Baştaki benzetmeye gelirsek: Madenciler karanlıkta başlarında o ışıkla önlerini görüyorlar. İnsan da şu karanlık dünyada Kuran’ın nuruyla bakarsa ileriyi görebilir.

 

Yani aklımızın ışığı Kuran’dır. Kuran’ı anlayarak okuyan insan geleceği görür, yani nereden geldik, neciyiz, ne için yaşıyoruz, nereye gidiyoruz, ölüm yokluk mudur gibi sorulardan kurtulur, emin olur.

 


Geçen yılki yazıda, Nöroloji uzmanı olan tıp doktorunun fakirinize neler dediğini anlatmıştık:

 


 

Ondokuz yaşındayken, hayatımızın baharında bendenize: “Sen asla çalışamazsın, hiçbir iş yapamazsın, bu senin iyi günlerin, ilerde yatalak olacaksın... vs. ”, dedi.

 

     Allah bizi bu dünyaya bir plan dahilinde göndermiştir.
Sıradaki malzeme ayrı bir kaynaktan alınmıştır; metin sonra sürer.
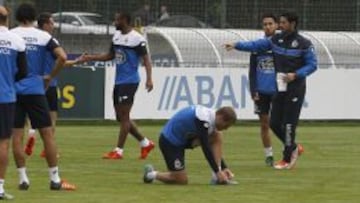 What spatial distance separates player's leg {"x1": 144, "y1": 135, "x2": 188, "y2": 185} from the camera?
47.4 ft

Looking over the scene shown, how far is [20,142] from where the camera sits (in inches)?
537

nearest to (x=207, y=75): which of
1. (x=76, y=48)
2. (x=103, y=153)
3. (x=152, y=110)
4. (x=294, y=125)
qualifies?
(x=152, y=110)

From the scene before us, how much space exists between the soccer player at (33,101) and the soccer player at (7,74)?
75cm

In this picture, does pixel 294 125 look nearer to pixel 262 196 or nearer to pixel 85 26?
pixel 262 196

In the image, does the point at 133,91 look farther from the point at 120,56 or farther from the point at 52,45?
the point at 52,45

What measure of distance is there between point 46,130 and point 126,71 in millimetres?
5190

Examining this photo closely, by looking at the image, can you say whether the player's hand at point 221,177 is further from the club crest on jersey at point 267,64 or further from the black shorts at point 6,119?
the club crest on jersey at point 267,64

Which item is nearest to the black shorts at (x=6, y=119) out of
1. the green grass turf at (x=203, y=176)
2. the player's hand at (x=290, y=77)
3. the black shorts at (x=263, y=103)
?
the green grass turf at (x=203, y=176)

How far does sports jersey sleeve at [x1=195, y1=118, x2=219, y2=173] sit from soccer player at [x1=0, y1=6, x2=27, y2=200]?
2314mm

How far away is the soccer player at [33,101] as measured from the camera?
44.2 ft

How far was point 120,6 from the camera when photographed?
3109cm

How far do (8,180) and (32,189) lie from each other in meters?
1.08

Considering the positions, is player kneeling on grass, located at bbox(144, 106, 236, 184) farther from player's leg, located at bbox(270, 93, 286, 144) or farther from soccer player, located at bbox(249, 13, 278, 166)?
soccer player, located at bbox(249, 13, 278, 166)

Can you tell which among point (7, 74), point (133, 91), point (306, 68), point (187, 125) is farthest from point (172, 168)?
point (133, 91)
Allah her gün, bir karıncanın bile rızkını verirken, yarattığı en üstün varlık olan biz insanı unutur mu? Hiç kimse okulda öğrendiği bilgilerle, kesin hüküm vermemelidir.

 

İnsanlar önyargılı bilgilerle hemen karar veriyorlar. Allah’ın bizim hakkımızda bir kader planı olduğunu unutuyorlar.

 

Allah bana çalışabilmem için her sebebi hazırlamıştı. Hastaneden çıktıktan altı ay sonra 1994 te, tesadüf zannettiğim sebeplerle beni özel şirketteki işime kavuşturdu. Toplam on altı sene çalıştım ve hamdolsun 2010 da emekli oldum.

 

Babam o gün, o doktoru dinleseydi, ben bugün belki de hala evde yatıyor olacaktım ve asla emekli olamayacaktım. Bana böylesine güzel bir kader çizen Allah’a binlerce şükür olsun, hamdolsun.

 

Beni her gün arabayla işe götürüp getiren ve benim elim, ayağım, her şeyim olan annem ve babamdan Allah ebediyen razı olsun.

 

Şu an emekliyim, Ankara’da evde annem babam ve ben yaşamaktayız.